В этой связи нельзя не восхититься тем, с какой поразительной силой Сэлинджер спустя четырнадцать лет после окончания войны рисует связанные с ней душевные страдания. Тем не менее душераздирающая смерть Симора и удрученность Бадди не являются основными в определении этих персонажей. Напротив, в обоих заложено жизнеутверждающее начало — неистребимая завороженность красотой мира и твердая вера в возможность его окончательного спасения. Бадди уподобляет Симора Гласса текучему стихотворению, прозрачному классическому хокку. Его человеческая ценность определялась не долгими годами жизни, но простым фактом его существования, тем, что он прикоснулся к жизням людей, его окружающих. Бадди считает своим долгом распространять тот свет, что исходил от его брата, он чувствует себя обязанным разделить свое знание со всем миром, собрав и опубликовав стихи Симора. Сэлинджер тем самым описывает стихотворения Симора Гласса не просто как произведения искусства, но как «быстродействующее средство термотерапии», предлагаемое для спасения духовно больного мира.
Исходящий от Симора свет и его внутренняя красота, а также восхищение его одаренностью, которое, несмотря на свою печаль, испытывает Бадди, — все это явно контрастировало с цинизмом поколения Сэлинджера. Симор и Бадди как персонажи противостояли всему «битническому» поколению с его отвращением к красоте и выпячиванием всех язв окружающего мира. В то время как Сэлинджер предлагал веру и надежду, битники несли с собой лишь укор и духовную слепоту С помощью своих боголюбцев — Бадди и Симора Глассов — Сэлинджер осуждал всех «дзеноубийц» за то, что они «смеют с высоты своего тупоносого величия взирать на чудесную нашу планету… где все же побывали и Христос, и Килрой, и Шекспир». Таким образом, писатели и поэты поколения битников не представлялись Сэлинджеру ни творческими, ни духовными собратьями. Как и в профессиональных читателях, он видел в них «глухарей высшего класса».

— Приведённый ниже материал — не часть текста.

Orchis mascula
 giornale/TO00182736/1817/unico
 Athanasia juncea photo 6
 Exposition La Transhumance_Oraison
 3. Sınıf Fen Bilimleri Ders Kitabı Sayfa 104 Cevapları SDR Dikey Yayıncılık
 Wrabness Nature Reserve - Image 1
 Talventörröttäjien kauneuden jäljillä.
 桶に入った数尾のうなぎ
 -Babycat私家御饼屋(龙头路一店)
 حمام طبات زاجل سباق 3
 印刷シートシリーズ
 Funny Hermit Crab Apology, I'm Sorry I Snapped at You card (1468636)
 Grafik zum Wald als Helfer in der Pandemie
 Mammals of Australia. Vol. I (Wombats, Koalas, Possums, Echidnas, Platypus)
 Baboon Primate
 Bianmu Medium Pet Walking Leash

В конечном итоге истинное побуждение к написанию повести «Симор: Введение» обнаруживается совсем не в его литературной ткани или биографических моментах, но в содержании письма, которое Сэлинджер написал Лернеду Хэнду в 1958 году. «Пребывайте в единстве с Богом и слепо следуйте туда, куда призывает вас долг, — советует он. — И если Бог потребует от вас чего-то большего, дух, от него исходящий, заставит вас это осознать».
Прежде Сэлинджер старался выправлять свои произведения по лекалам, заданным «Нью-Йоркером». К 1959 году он уже начал видеть разницу между настоящим совершенством и той клинической стерильностью, которой требовал от него «Нью-Йоркер». Он считал, что разница эта духовного свойства. Слова Сэлинджера, адресованные судье Хэнду, только повторяют высказанное им в 1956 году убеждение, что не он выбирает свои темы. Они внушены ему свыше. Подобно Фрэнни из повести «Зуи», которой ее брат велит быть «актрисой Господа Бога», Сэлинджер теперь стал воспринимать себя «писателем Господа Бога». И подобно Бадди Глассу, который чувствовал, что обязан поделиться со всем миром вдохновенной поэзией Симора, Сэлинджер стремился поделиться красотой, данной ему в откровении и любовно запечатленной в персонажах, поглотивших его теперь целиком. Дж. Д. Сэлинджер вполне мог рассматривать «Симора» не как литературное произведение, которое нужно выстраивать по определенным законам, но как плод божественного вдохновения, подчиняемого лишь вере, той самой вере, с какой Симор Гласс ехал на руле никелированного велосипеда Джо Джексона. И в этом — истинная причина счастья, овладевшего Бадди Глассом: вдохновение освободило Сэлинджера от всех литературных условностей. Высшим арбитром «Симора» стал уже не «Нью-Йоркер», не критики, даже не читатели. Им стал сам Господь Бог.